Aspecto recente, na história do tratado internacional que se conta em milênios, refere-se ao depositário. Enquanto os chefes de Estado possuíam competência ilimitada e incondicional para representar o Estado — jus repraesentationis omnimodae —, os tratados por eles concluídos possuíam caráter quase privado, seguindo a lógica do contrato bilateral. No desconhecimento de outro formado, grandes convenções, como a de Westfália (1648), Aix-la-Chapelle (1748) e de Paris (1815), eram consideradas o somatório de tratados bilaterais, concluídos entre as partes, sem qualquer liame jurídico entre si. Em outras palavras, não passavam de um feixe de tratados bilaterais.

A ideia de tratado multilateral desenvolveu-se em paralelo à realização de conferências internacionais, a partir do século XIX, quando nelas passaram-se a se discutir os mais variados assuntos. Até meados desse século, manteve-se a forma intermediária do tratado semicoletivo: vários Estados eram signatários de um tratado, mas um grupo constituía uma parte, enquanto outro conjunto de Estados representava outra. Exemplo: Convenção dos Estreitos do Mar Negro (1856).

A Ata Final do Congresso de Viena (1815) foi o primeiro tratado multilateral coletivo, pois toda a negociação passou a constar de instrumento único, assinado por todas as partes tendo sido feitos e assinados tanto exemplares quantos os signatários. A simplificação procedimental haveria de ocorrer, com relação à Convenção Sanitária (1852), cujo original único foi assinado por todos os plenipotenciários, ficando depositado junto ao governo francês.
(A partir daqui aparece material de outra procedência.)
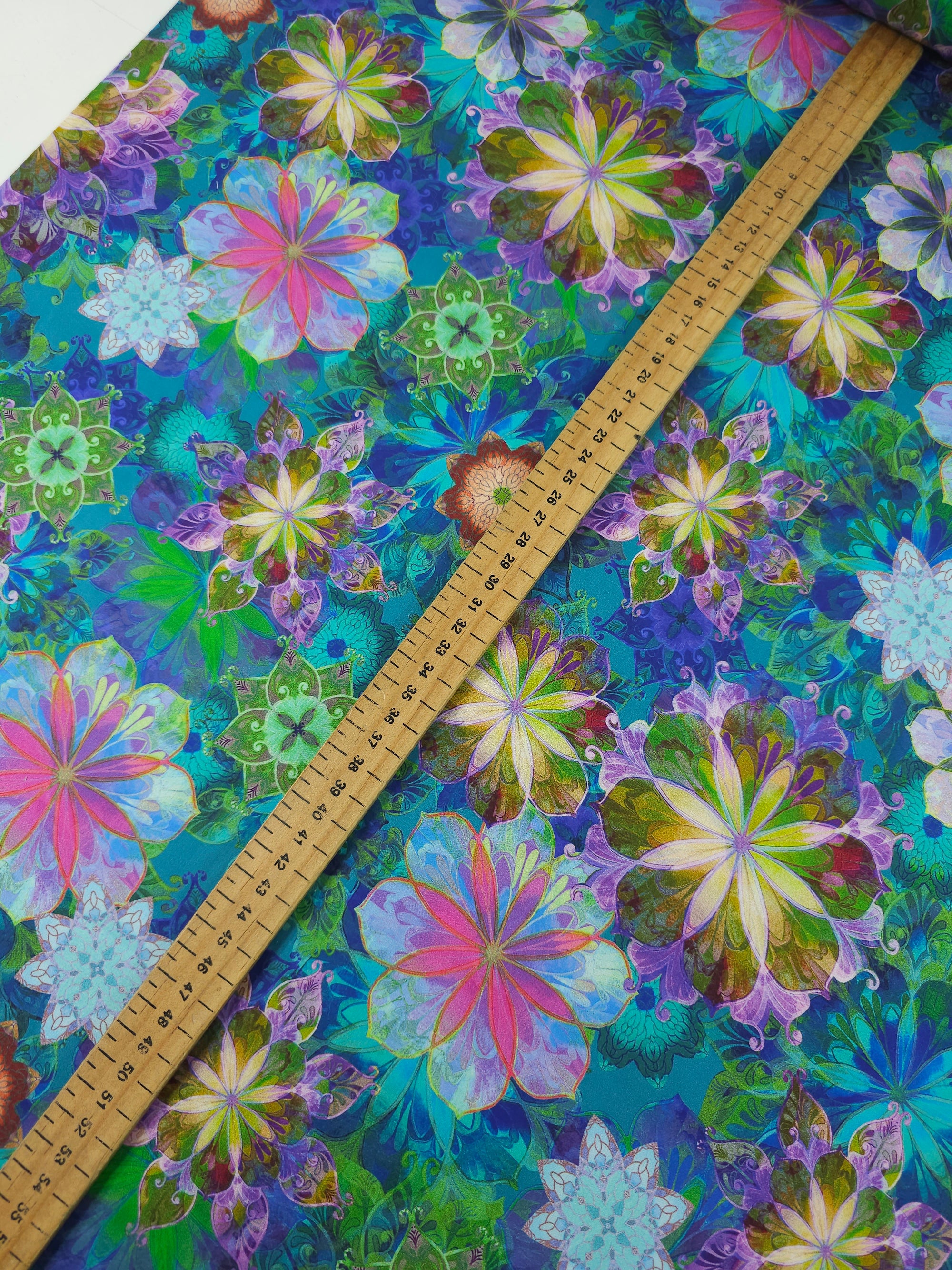 Dazzle Venice Floral Cotton Sateen 108" - Robert Kaufman *EXTRA WIDE*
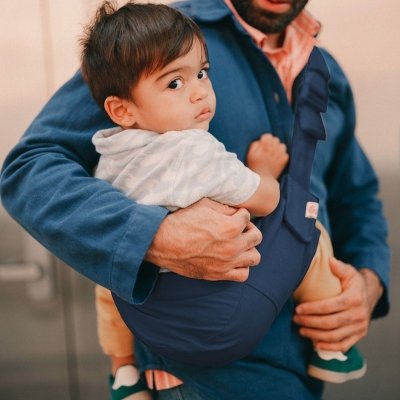 Ergobaby Nosítko Upsie Sling - Midnight Blue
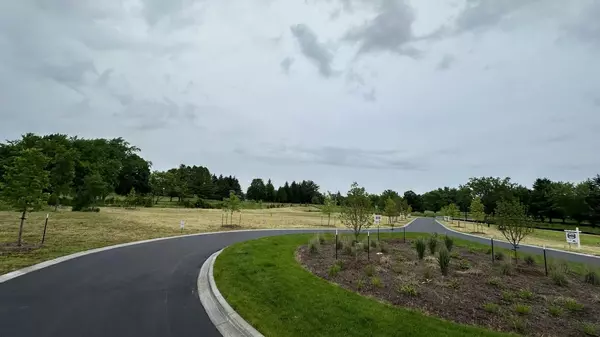 Mequon, WI 53092,Lt6 THE GREEN AT MEQUON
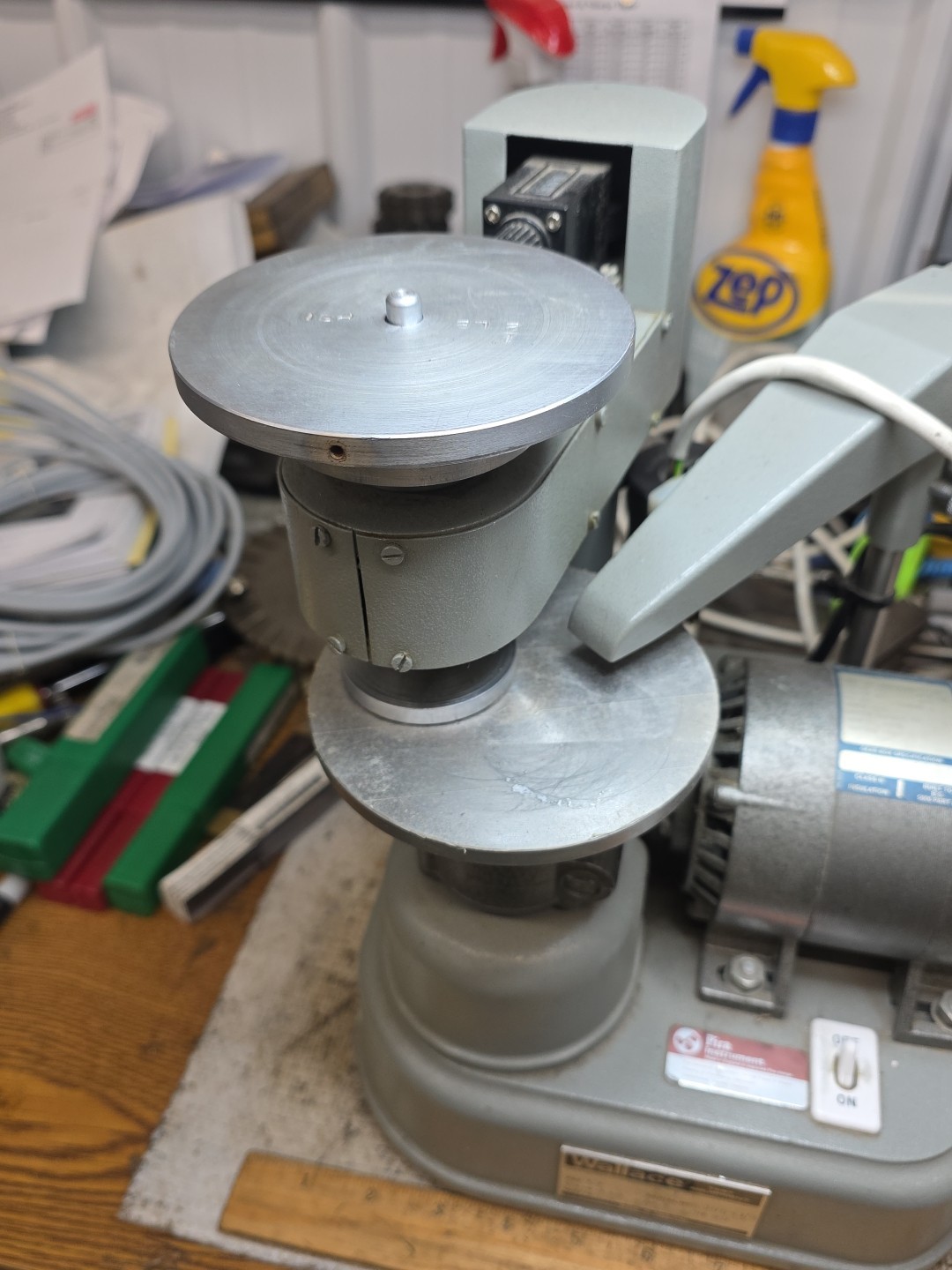 WALLACE A7 ABRASION TESTER FOR RUBBER/PLASTIC TESTER 110 VAC, EX WORKING COND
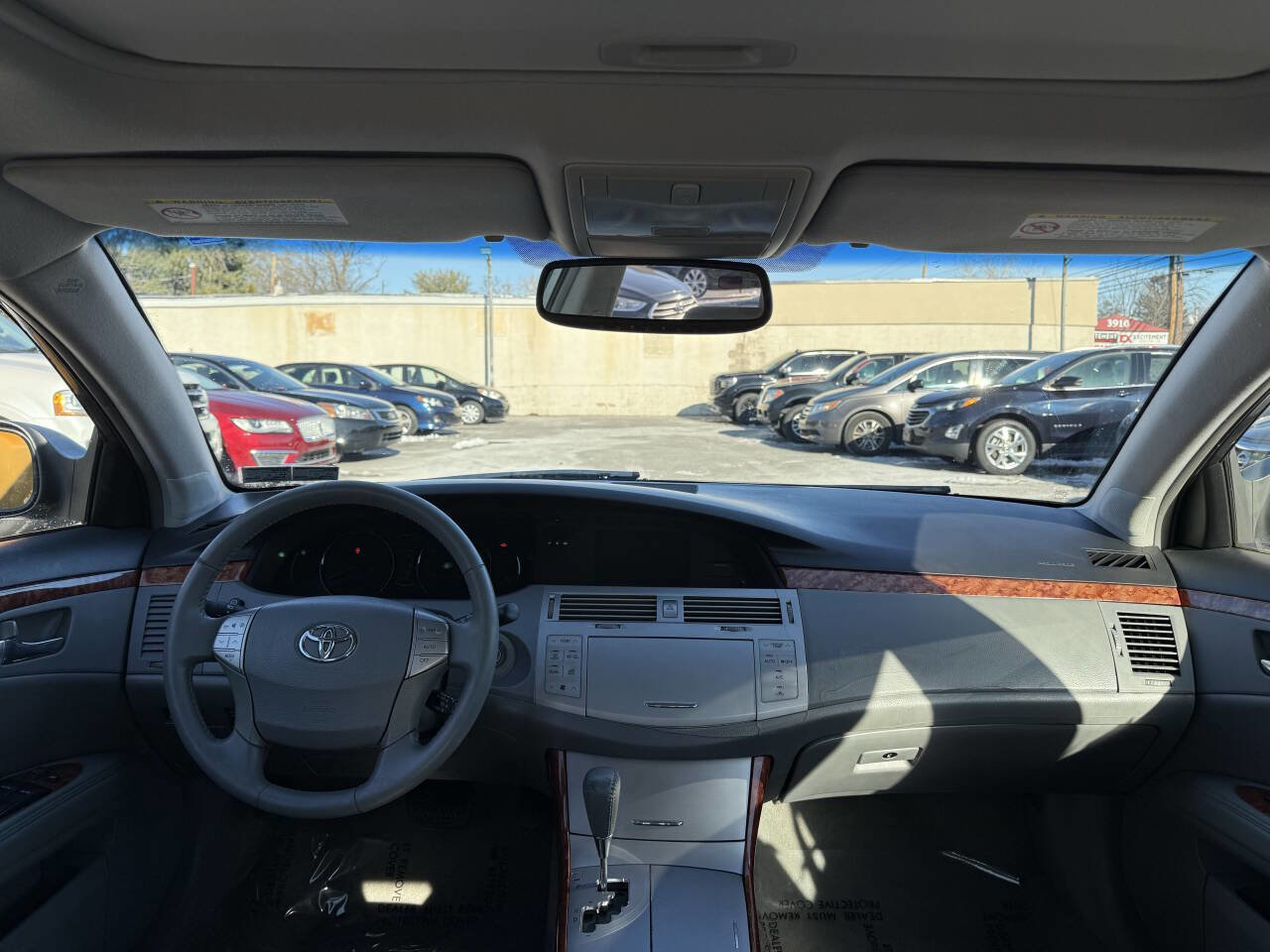 Used 2005 Toyota Avalon XLS image 13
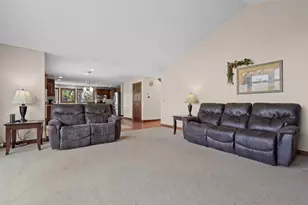 3022 Fairwinds Dr, Neenah, WI 54956 - Photo 9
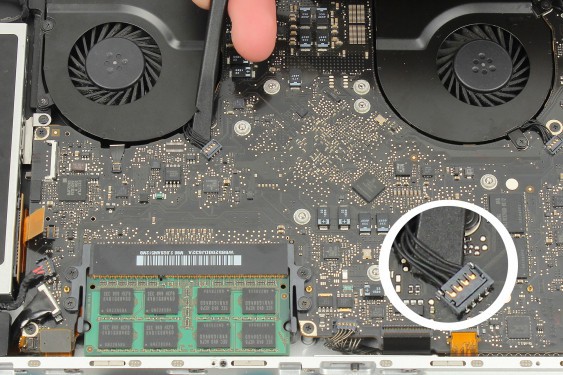 Guide photos remplacement récepteur infrarouge / support bas du disque dur MacBook Pro 15" Fin 2008 - Début 2009 (Modèle A1286 - EMC 2255) (Etape 20 - image 1)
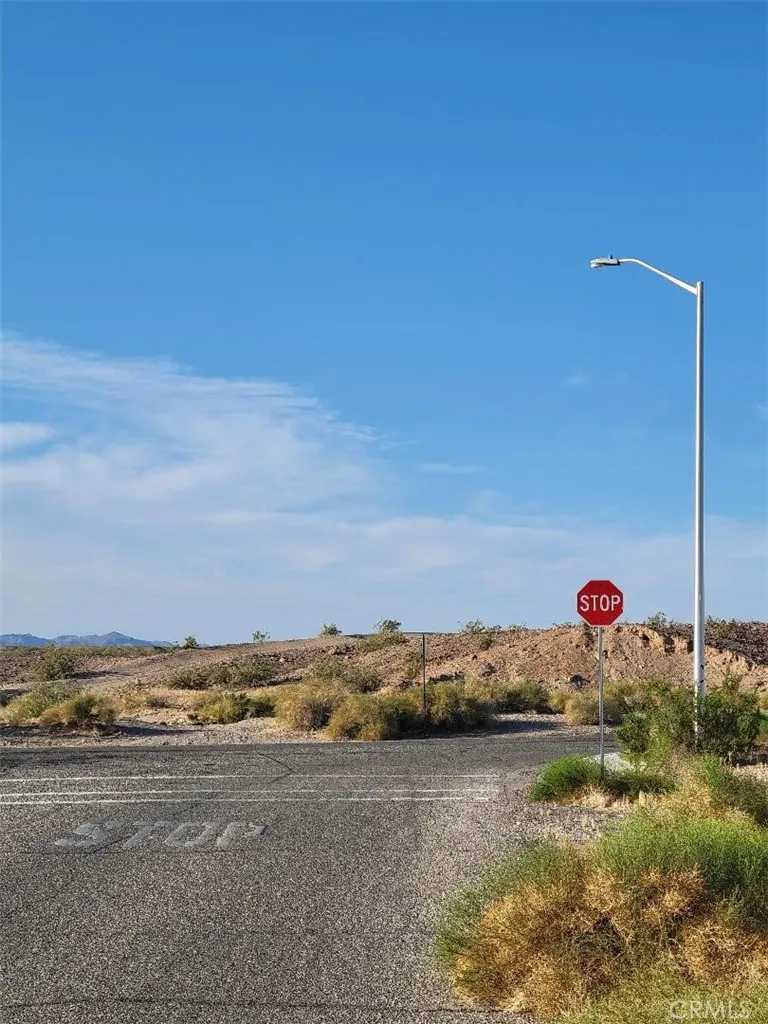 1 Lilly Hill Needles, CA 92363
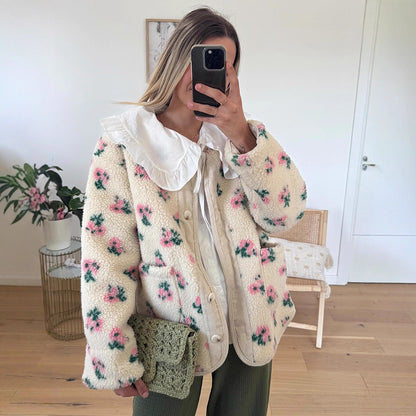 Women's teddy fleece jacket with floral print, cord placket, patch pockets, and oversized lace collar EVA-US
Surgiram assim o tratado multilateral de instrumento único e a figura do depositário.

Criada voluntariamente pelos Estados, em razão da simplificação e da comodidade, alguns aspectos da figura do depositário foram examinados pela Corte Internacional de Justiça, na Opinião Consultiva sobre reservas à Convenção sobre o Genocídio e no Julgamento sobre o Direito de Passagem em Território da Índia. Na Opinião, a corte disse que a “tarefa do secretário-geral da ONU deveria limitar-se a receber as reservas e a notificá-las”. Já o julgamento asseverou que o próprio tratado determina os efeitos jurídicos dos instrumentos depositados, tendo qualquer outra regra caráter apenas residual.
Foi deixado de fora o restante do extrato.